-- Dataset follows --

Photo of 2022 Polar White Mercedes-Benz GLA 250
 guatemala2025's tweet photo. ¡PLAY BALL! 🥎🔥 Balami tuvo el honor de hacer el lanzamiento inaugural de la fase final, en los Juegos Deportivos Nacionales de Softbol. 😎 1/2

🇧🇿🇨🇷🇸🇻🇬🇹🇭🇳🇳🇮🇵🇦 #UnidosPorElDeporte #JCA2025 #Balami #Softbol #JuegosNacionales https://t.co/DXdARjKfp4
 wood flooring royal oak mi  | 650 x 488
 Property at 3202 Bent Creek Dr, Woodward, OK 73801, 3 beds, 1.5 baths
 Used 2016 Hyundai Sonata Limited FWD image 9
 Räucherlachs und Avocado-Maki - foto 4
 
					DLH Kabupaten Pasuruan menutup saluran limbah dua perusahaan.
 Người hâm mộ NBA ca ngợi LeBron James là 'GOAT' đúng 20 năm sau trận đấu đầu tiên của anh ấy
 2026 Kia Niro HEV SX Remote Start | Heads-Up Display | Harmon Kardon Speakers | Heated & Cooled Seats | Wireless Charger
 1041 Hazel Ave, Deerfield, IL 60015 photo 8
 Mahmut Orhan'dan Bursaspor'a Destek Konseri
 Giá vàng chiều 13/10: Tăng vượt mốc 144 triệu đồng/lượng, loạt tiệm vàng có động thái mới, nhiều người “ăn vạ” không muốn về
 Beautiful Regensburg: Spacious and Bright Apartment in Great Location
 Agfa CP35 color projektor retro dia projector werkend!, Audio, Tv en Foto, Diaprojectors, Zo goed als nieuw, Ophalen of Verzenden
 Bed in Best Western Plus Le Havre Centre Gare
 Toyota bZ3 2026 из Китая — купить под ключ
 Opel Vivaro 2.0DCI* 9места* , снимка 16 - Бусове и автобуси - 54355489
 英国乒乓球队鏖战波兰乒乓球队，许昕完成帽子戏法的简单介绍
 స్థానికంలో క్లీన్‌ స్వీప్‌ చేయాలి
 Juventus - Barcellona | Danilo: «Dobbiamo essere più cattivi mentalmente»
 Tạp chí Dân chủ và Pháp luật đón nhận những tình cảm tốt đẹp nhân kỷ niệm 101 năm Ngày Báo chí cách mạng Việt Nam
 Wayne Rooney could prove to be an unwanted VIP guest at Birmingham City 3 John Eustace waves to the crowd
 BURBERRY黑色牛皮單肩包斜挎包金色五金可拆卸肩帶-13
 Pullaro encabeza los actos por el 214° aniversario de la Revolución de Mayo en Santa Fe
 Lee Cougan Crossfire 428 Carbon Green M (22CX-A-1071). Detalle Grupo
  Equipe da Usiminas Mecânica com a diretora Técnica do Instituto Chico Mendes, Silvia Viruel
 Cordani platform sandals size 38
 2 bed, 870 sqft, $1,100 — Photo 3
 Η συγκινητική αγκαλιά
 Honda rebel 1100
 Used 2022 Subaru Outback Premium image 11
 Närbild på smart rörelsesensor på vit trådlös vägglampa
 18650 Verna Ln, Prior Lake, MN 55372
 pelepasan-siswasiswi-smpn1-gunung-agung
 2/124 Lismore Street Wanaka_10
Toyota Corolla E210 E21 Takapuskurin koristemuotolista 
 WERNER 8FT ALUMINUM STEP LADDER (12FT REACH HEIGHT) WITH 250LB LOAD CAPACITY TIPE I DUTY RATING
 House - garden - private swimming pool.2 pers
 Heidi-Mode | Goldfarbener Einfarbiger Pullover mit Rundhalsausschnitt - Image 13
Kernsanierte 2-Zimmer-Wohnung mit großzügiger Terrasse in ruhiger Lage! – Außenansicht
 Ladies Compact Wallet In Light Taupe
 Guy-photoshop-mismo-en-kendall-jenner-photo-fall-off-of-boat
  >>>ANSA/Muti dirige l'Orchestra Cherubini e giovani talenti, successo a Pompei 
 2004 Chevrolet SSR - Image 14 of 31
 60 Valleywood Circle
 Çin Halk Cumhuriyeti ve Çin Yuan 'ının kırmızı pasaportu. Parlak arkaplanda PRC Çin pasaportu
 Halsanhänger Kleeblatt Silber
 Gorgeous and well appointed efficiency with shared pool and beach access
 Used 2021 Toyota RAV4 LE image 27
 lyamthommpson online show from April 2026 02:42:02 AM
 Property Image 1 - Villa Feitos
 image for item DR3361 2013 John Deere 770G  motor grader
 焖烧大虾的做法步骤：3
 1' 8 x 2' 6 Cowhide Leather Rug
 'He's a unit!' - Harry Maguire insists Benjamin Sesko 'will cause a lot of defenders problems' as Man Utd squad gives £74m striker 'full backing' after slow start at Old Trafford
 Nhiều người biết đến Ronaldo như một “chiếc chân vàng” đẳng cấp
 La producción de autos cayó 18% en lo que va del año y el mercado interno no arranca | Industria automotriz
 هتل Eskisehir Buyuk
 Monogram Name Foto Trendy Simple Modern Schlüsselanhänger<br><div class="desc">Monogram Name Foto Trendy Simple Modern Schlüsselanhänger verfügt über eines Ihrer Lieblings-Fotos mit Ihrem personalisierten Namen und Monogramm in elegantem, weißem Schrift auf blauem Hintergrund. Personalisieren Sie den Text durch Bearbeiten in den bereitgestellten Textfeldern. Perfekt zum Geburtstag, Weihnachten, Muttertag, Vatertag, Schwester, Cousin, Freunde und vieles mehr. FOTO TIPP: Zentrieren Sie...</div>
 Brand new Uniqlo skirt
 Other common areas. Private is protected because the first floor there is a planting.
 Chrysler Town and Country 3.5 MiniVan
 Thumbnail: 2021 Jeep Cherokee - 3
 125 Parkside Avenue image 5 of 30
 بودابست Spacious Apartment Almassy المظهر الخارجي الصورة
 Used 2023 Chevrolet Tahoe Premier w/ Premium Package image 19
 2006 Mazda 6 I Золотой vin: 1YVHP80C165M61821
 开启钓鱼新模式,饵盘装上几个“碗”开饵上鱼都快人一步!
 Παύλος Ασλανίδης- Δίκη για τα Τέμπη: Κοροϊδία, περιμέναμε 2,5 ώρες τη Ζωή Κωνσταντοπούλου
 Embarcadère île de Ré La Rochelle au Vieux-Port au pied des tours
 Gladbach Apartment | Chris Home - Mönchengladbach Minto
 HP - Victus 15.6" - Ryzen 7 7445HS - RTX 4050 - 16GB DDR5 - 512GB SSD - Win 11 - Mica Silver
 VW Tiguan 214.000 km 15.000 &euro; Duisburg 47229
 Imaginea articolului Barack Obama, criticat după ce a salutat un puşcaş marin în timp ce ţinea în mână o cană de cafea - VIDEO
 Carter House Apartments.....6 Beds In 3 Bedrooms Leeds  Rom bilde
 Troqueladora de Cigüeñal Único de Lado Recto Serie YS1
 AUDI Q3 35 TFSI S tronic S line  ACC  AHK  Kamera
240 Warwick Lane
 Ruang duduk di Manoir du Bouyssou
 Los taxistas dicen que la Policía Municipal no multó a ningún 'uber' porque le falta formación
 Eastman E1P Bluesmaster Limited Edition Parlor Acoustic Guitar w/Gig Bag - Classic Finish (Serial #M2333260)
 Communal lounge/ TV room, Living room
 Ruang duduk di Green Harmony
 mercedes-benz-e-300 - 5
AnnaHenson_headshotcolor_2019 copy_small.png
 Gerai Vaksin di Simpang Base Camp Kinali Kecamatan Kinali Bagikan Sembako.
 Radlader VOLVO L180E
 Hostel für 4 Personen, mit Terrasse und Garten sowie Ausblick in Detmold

-- Dataset concluded --

> _Directions_:
An exact repeat of all the records is required.

> _Reply_:
Photo of 2022 Polar White Mercedes-Benz GLA 250
 guatemala2025's tweet photo. ¡PLAY BALL! 🥎🔥 Balami tuvo el honor de hacer el lanzamiento inaugural de la fase final, en los Juegos Deportivos Nacionales de Softbol. 😎 1/2

🇧🇿🇨🇷🇸🇻🇬🇹🇭🇳🇳🇮🇵🇦 #UnidosPorElDeporte #JCA2025 #Balami #Softbol #JuegosNacionales https://t.co/DXdARjKfp4
 wood flooring royal oak mi  | 650 x 488
 Property at 3202 Bent Creek Dr, Woodward, OK 73801, 3 beds, 1.5 baths
 Used 2016 Hyundai Sonata Limited FWD image 9
 Räucherlachs und Avocado-Maki - foto 4
 
					DLH Kabupaten Pasuruan menutup saluran limbah dua perusahaan.
 Người hâm mộ NBA ca ngợi LeBron James là 'GOAT' đúng 20 năm sau trận đấu đầu tiên của anh ấy
 2026 Kia Niro HEV SX Remote Start | Heads-Up Display | Harmon Kardon Speakers | Heated & Cooled Seats | Wireless Charger
 1041 Hazel Ave, Deerfield, IL 60015 photo 8
 Mahmut Orhan'dan Bursaspor'a Destek Konseri
 Giá vàng chiều 13/10: Tăng vượt mốc 144 triệu đồng/lượng, loạt tiệm vàng có động thái mới, nhiều người “ăn vạ” không muốn về
 Beautiful Regensburg: Spacious and Bright Apartment in Great Location
 Agfa CP35 color projektor retro dia projector werkend!, Audio, Tv en Foto, Diaprojectors, Zo goed als nieuw, Ophalen of Verzenden
 Bed in Best Western Plus Le Havre Centre Gare
 Toyota bZ3 2026 из Китая — купить под ключ
 Opel Vivaro 2.0DCI* 9места* , снимка 16 - Бусове и автобуси - 54355489
 英国乒乓球队鏖战波兰乒乓球队，许昕完成帽子戏法的简单介绍
 స్థానికంలో క్లీన్‌ స్వీప్‌ చేయాలి
 Juventus - Barcellona | Danilo: «Dobbiamo essere più cattivi mentalmente»
 Tạp chí Dân chủ và Pháp luật đón nhận những tình cảm tốt đẹp nhân kỷ niệm 101 năm Ngày Báo chí cách mạng Việt Nam
 Wayne Rooney could prove to be an unwanted VIP guest at Birmingham City 3 John Eustace waves to the crowd
 BURBERRY黑色牛皮單肩包斜挎包金色五金可拆卸肩帶-13
 Pullaro encabeza los actos por el 214° aniversario de la Revolución de Mayo en Santa Fe
 Lee Cougan Crossfire 428 Carbon Green M (22CX-A-1071). Detalle Grupo
  Equipe da Usiminas Mecânica com a diretora Técnica do Instituto Chico Mendes, Silvia Viruel
 Cordani platform sandals size 38
 2 bed, 870 sqft, $1,100 — Photo 3
 Η συγκινητική αγκαλιά
 Honda rebel 1100
 Used 2022 Subaru Outback Premium image 11
 Närbild på smart rörelsesensor på vit trådlös vägglampa
 18650 Verna Ln, Prior Lake, MN 55372
 pelepasan-siswasiswi-smpn1-gunung-agung
 2/124 Lismore Street Wanaka_10
Toyota Corolla E210 E21 Takapuskurin koristemuotolista 
 WERNER 8FT ALUMINUM STEP LADDER (12FT REACH HEIGHT) WITH 250LB LOAD CAPACITY TIPE I DUTY RATING
 House - garden - private swimming pool.2 pers
 Heidi-Mode | Goldfarbener Einfarbiger Pullover mit Rundhalsausschnitt - Image 13
Kernsanierte 2-Zimmer-Wohnung mit großzügiger Terrasse in ruhiger Lage! – Außenansicht
 Ladies Compact Wallet In Light Taupe
 Guy-photoshop-mismo-en-kendall-jenner-photo-fall-off-of-boat
  >>>ANSA/Muti dirige l'Orchestra Cherubini e giovani talenti, successo a Pompei 
 2004 Chevrolet SSR - Image 14 of 31
 60 Valleywood Circle
 Çin Halk Cumhuriyeti ve Çin Yuan 'ının kırmızı pasaportu. Parlak arkaplanda PRC Çin pasaportu
 Halsanhänger Kleeblatt Silber
 Gorgeous and well appointed efficiency with shared pool and beach access
 Used 2021 Toyota RAV4 LE image 27
 lyamthommpson online show from April 2026 02:42:02 AM
 Property Image 1 - Villa Feitos
 image for item DR3361 2013 John Deere 770G  motor grader
 焖烧大虾的做法步骤：3
 1' 8 x 2' 6 Cowhide Leather Rug
 'He's a unit!' - Harry Maguire insists Benjamin Sesko 'will cause a lot of defenders problems' as Man Utd squad gives £74m striker 'full backing' after slow start at Old Trafford
 Nhiều người biết đến Ronaldo như một “chiếc chân vàng” đẳng cấp
 La producción de autos cayó 18% en lo que va del año y el mercado interno no arranca | Industria automotriz
 هتل Eskisehir Buyuk
 Monogram Name Foto Trendy Simple Modern Schlüsselanhänger<br><div class="desc">Monogram Name Foto Trendy Simple Modern Schlüsselanhänger verfügt über eines Ihrer Lieblings-Fotos mit Ihrem personalisierten Namen und Monogramm in elegantem, weißem Schrift auf blauem Hintergrund. Personalisieren Sie den Text durch Bearbeiten in den bereitgestellten Textfeldern. Perfekt zum Geburtstag, Weihnachten, Muttertag, Vatertag, Schwester, Cousin, Freunde und vieles mehr. FOTO TIPP: Zentrieren Sie...</div>
 Brand new Uniqlo skirt
 Other common areas. Private is protected because the first floor there is a planting.
 Chrysler Town and Country 3.5 MiniVan
 Thumbnail: 2021 Jeep Cherokee - 3
 125 Parkside Avenue image 5 of 30
 بودابست Spacious Apartment Almassy المظهر الخارجي الصورة
 Used 2023 Chevrolet Tahoe Premier w/ Premium Package image 19
 2006 Mazda 6 I Золотой vin: 1YVHP80C165M61821
 开启钓鱼新模式,饵盘装上几个“碗”开饵上鱼都快人一步!
 Παύλος Ασλανίδης- Δίκη για τα Τέμπη: Κοροϊδία, περιμέναμε 2,5 ώρες τη Ζωή Κωνσταντοπούλου
 Embarcadère île de Ré La Rochelle au Vieux-Port au pied des tours
 Gladbach Apartment | Chris Home - Mönchengladbach Minto
 HP - Victus 15.6" - Ryzen 7 7445HS - RTX 4050 - 16GB DDR5 - 512GB SSD - Win 11 - Mica Silver
 VW Tiguan 214.000 km 15.000 &euro; Duisburg 47229
 Imaginea articolului Barack Obama, criticat după ce a salutat un puşcaş marin în timp ce ţinea în mână o cană de cafea - VIDEO
 Carter House Apartments.....6 Beds In 3 Bedrooms Leeds  Rom bilde
 Troqueladora de Cigüeñal Único de Lado Recto Serie YS1
 AUDI Q3 35 TFSI S tronic S line  ACC  AHK  Kamera
240 Warwick Lane
 Ruang duduk di Manoir du Bouyssou
 Los taxistas dicen que la Policía Municipal no multó a ningún 'uber' porque le falta formación
 Eastman E1P Bluesmaster Limited Edition Parlor Acoustic Guitar w/Gig Bag - Classic Finish (Serial #M2333260)
 Communal lounge/ TV room, Living room
 Ruang duduk di Green Harmony
 mercedes-benz-e-300 - 5
AnnaHenson_headshotcolor_2019 copy_small.png
 Gerai Vaksin di Simpang Base Camp Kinali Kecamatan Kinali Bagikan Sembako.
 Radlader VOLVO L180E
 Hostel für 4 Personen, mit Terrasse und Garten sowie Ausblick in Detmold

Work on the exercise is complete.